Head on a pike

February 22, 2015

A gaggle of professional jokesters go about their business, the business of making people laugh. Something they create, which is laughed at by many, manages to offend some powerful forces of malevolence. The retaliation leads to a very fraught situation, and, tragically, death.

No, I’m not talking about the massacre in Paris last month; I’m talking about what happens in my musical, Such Good Friends. While my show is a work of fiction, I based it on real events that happened in American show business in the 1950s. Entertainers, folks that are far sillier than most people, found themselves in some serious trouble. No one should think that insane reactions to comedy can’t happen here, because it did. Nobody should get comfortable with the idea that a stamping down on wits and clowns is a thing of the past, because we just saw how it’s part of our present.

But wait, this is beginning to sound sanctimonious, like the preponderance of blogs and op-eds inspired by the Charlie Hebdo tragedy. You don’t want to read that, and I refuse to go there. But more on avoiding a preachy tone later.

Blacklisting is a blight on our history that has always fascinated me. A Senator, Joe McCarthy of Wisconsin, ignited malignant hysteria when he announced he had a list of dozens of Communists employed by the U.S. Department of State. The most successful fear-monger in our history never named those names, but soon the House of Representatives started an investigation into the entertainment industry in which subpoenaed witnesses were forced to name names of people they thought were once or present Communists. If they didn’t, they could be cited for Contempt of Congress and hauled off to jail. If they did, old friends and acquaintances could suffer due to the fear and loathing America had for “friends” of the evil foe, the Soviet Union. And we’re not talking about actual Russian spies. There were very few of those, and none in movies or television. If someone remembered you attending a gathering in which a leftist sang a song, that could bring about the end of your career.

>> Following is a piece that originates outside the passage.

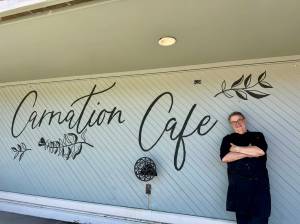 Carnation Cafe owner Don Langhans stands for a photo in front of the restaurant, July 24, 2025. (Grace Gorenflo/Valley Record)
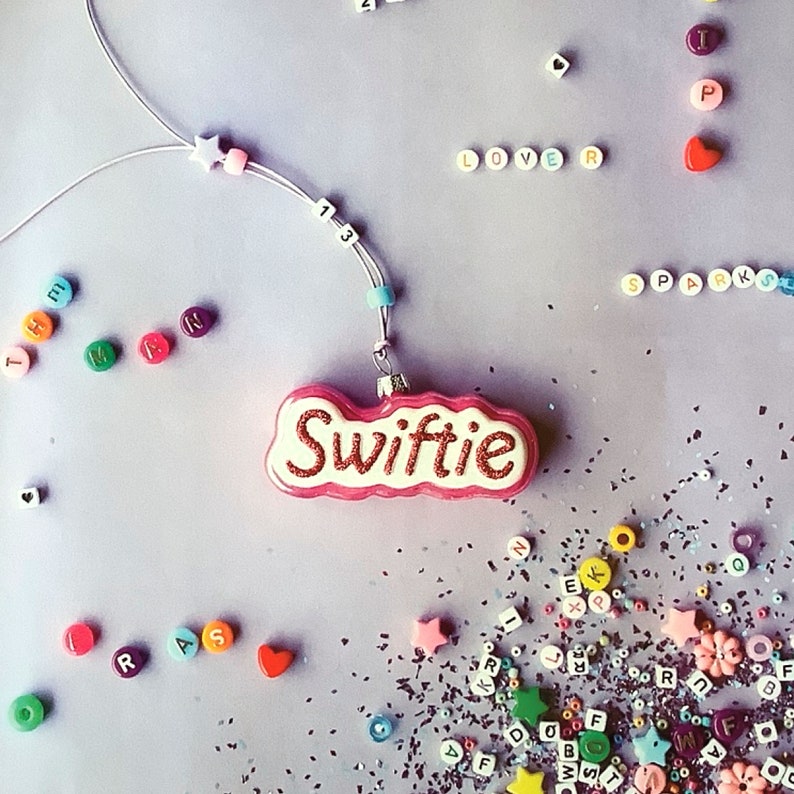 Swiftie Glass Ornament with Friendship Bracelet by Cody Foster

In writing a musical about the persecution of innocent mirth-makers, I sure as hell didn’t want sanctimony to rear its ugly head. The way I see it, a show isn’t a sermon, or a political speech, an exhortation, or a history lecture. I endeavored to show, truthfully, how the blacklist worked, in the most entertaining way possible. For years, I considered writing about the Scoundrel Time, but put off the project until I conceive of a way of making it truly enjoyable for the audience. This isn’t school, or church: Fun is more important than a lesson learned.

Research kept revealing story after story of old friend betraying old friend by naming him in front of the House Un-American Activities Committee. That led amity to turn to enmity, and the action of informing led to more guilty feelings than any former Communist was likely to have experienced. When people killed themselves, it was sometimes because they were unable to find work, and other times because they couldn’t live with themselves after fingering others.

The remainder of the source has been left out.